The first two singles, "Cold Fear" and "Creepin", recall the Sisters of Mercy and Daydream Nation-era Sonic Youth, respectively, both fashioning a frigid atmosphere as well as exhibiting the album's most conventional pop hooks. "Cult of Moloch", "Will of the Devil", and "White Rose" are also characterized, to an extent, by an approach drawn from post-punk. This is particularly so in the austere drumming which occasionally sounds simpler than that of even Doktor Avalanche, the name the Sisters of Mercy gave to their drum machine. But with this trio of songs, there is a greater devotion to pulling up a melody, creating a narrow tunnel around it, and setting it off with a sense of motion for a period of contemplation and assimilation. These three songs are highlights, and they appear together in a sequence at the end of the album, combining for nearly 24 minutes.

"White Rose" is the most charismatic expression of the band’s approach to psychedelic musical arrangement, the most uncompromising at ten minutes, with no wasted moments, and it achieves a graceful, somnolent rapture. It opens with the sound of slashing wind and a steady unchanging beat, for a moment conjuring an uncanny resemblance to "L.A. Woman" by the Doors. In no hurry, the band introduces a melodic phrase and just repeats it, as if imparting to the listener a single pattern for consumption and the time to digest it. The song exhibits no multifaceted approach to composition and does not develop themes that foreshadow and allude over the course of its running time. It merely establishes a mood and, if the listener is on-board with Moon Duo, a sustained suspension of outside things.

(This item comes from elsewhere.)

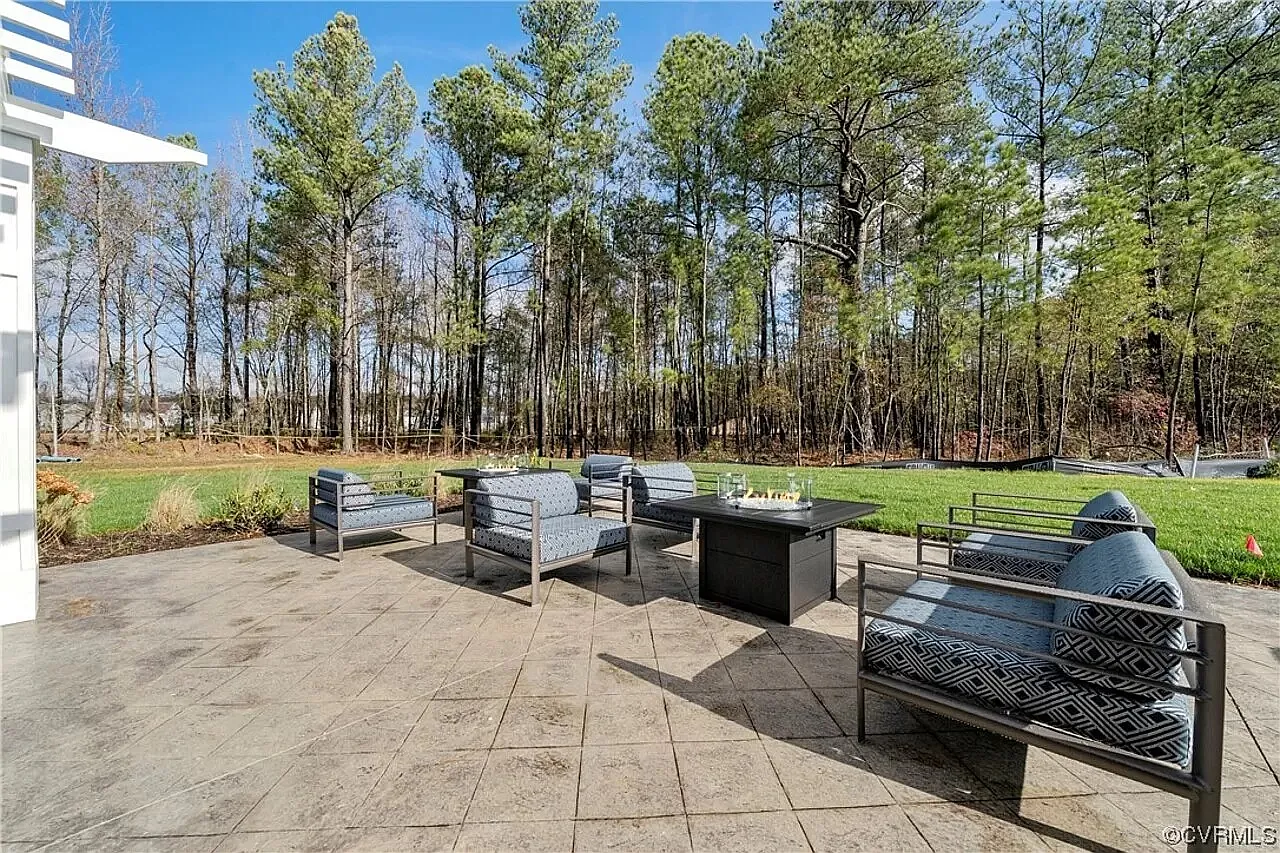 3 bed, 2.5 bath, 2478 sqft, $2,500 — Photo 3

There are two points mentioned above that invite additional scrutiny. The first point is the matter of simplicity. Whereas the highlights of Occult Architecture, Vol. 1 are artful in their simple arrangements and concepts, stretches of the album could be fairly characterized as too straightforward and simplistic. That is certainly the case for "Cross-Town Fade", an almost eight-minute song with no hook, no allure, and unfortunate in its mid-album sequencing. The second point concerns the listener's willingness follow Moon Duo, and how far to follow them. One with an openness and patience for this type of music, undoubtedly, will be more willing and inclined to perceive their imagery, conceptual curiosities, and principles as opportunities to submit and to drift, rather than -- more prosaically, for others -- as skillful and accomplished psychedelia with occasional lapses into listlessness.